The Capitals have more points than any other franchise since Backstrom’s rookie year. That’s not a coincidence. 

“He’s been the grounding force,” ex-teammate Mike Green told Monumental Sports in an interview this month. “He’s always been involved in everything and not necessarily gotten all the recognition for it – and I don’t think he necessarily needs it or wants it. But he’s always showed up and done the work no matter whether it’s off the ice or on the ice. I think that goes a long way with a community and a fanbase.”

When you think of Backstrom, you can remember the great moments. The lump-in-your-throat image of Ovechkin handing him the Cup on the ice in Las Vegas as the two screamed joyful profanities at each other and skated it together toward their waiting teammates. 

The overtime winner against the Flyers as a rookie, on his 20th birthday, Bruce Boudreau’s first game as coach – the victory that really began the Rock-the-Red era. 

Remember the playoff hat trick, with the overtime game-winner, in Game 2 of that fateful, devastating 2010 series against the Canadiens? Or the OT playoff goals vs. the Bruins in 2012 or the Islanders in 2015 or the Blue Jackets in 2018? 

It might just be a game where the details are fuzzy and lost to the past, sometime in 2008 maybe, when Backstrom slowed the fastest sport on earth to a crawl, the puck on his stick, “playing chess while we played checkers” ex-teammate Brooks Laich said, and saucing a pass to a teammate who didn’t even know he was open for an easy goal. 

There won’t be any fans in attendance Thursday and that’s both a shame and somehow fitting for a player who has lived in Ovechkin’s shadow yet been comfortable enough in his own skin to accept it. It wouldn’t have worked otherwise. 

They were teammates for so long, they knew each other’s flaws and imperfections. Ovechkin had a Calder Trophy and 98 goals in his first two NHL seasons but also two 70-point, last-place finishes. It was only when Backstrom arrived that the Capitals made the playoffs for the first time. This was never a one-man show. 

They playfully punched each other silly in Backstrom’s car that night in January, 2008 when Ovechkin signed his 13-year contract, only one observer on hand to catch their sheer giddiness before they peeled out of the arena parking garage and off into the night to celebrate.  

Backstrom would sign a 10-year deal of his own in 2010. And then he re-signed again for five more in 2020. He is 33 now. A father of three. A Stanley Cup champion. The points leader (44) on a veteran team that feels its title window closing, but still believes it can win a second Cup. 

Thursday will be a night to honor Backstrom alone, a deserved solo tribute for 1,000 games and a remarkable career ‑ even if he doesn’t really need the fuss or want it. 

Think of all those games and all those nights across 14 years to reach that number with one team. That's enough time for a person to arrive in a new city and put down roots, to start a family, to find love or lose it, to welcome grandchildren, to change jobs a few times, to get through your teenage years and come out on the other side. 

Backstrom has had his own journey, his own ups and downs, triumphs and despairs. No career is perfect, not even a Hall-of-Fame one. But as you think back on your own life since 2007, the changes, good and bad, the chances taken and missed, the goodbyes, temporary or permanent, Backstrom and the Capitals were always there in the background piling memories on top of each other like coral for those who cared enough to watch night after night the way sports fans do.  

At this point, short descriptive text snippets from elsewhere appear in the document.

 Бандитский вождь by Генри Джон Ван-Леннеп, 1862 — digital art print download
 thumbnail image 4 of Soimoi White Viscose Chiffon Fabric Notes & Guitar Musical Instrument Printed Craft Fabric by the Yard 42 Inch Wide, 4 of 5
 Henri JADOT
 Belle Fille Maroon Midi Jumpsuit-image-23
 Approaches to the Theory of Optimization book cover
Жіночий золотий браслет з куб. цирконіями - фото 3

Even in your father’s hospital room on a winter Tuesday night just days before he’d be gone. A loose puck, a quick pivot in the defensive zone and then an easy cross-ice pass, tape to tape, that Dmitry Orlov spun into gold with an inside-out move that woke dad from his sleep.

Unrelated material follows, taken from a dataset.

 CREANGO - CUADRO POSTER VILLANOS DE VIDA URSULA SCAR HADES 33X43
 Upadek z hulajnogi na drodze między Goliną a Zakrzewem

“Who did that?” he asked, the fog cleared briefly by a play-by-play man’s shout.

“Backstrom to Orlov. Caps tie it 2-2. Good game, old man. You want to sit up and watch?”

A flicker of recognition, a look at the replay and a half smile, a nod of approval, before slipping back to sleep. Backstrom, playing a game in Dallas 1,400 miles away, had no idea. This was just another night in a long, distinguished career that reaches an apogee at Capital One Arena this evening. 

We've been there for all of his moments. But he's been there for ours, too.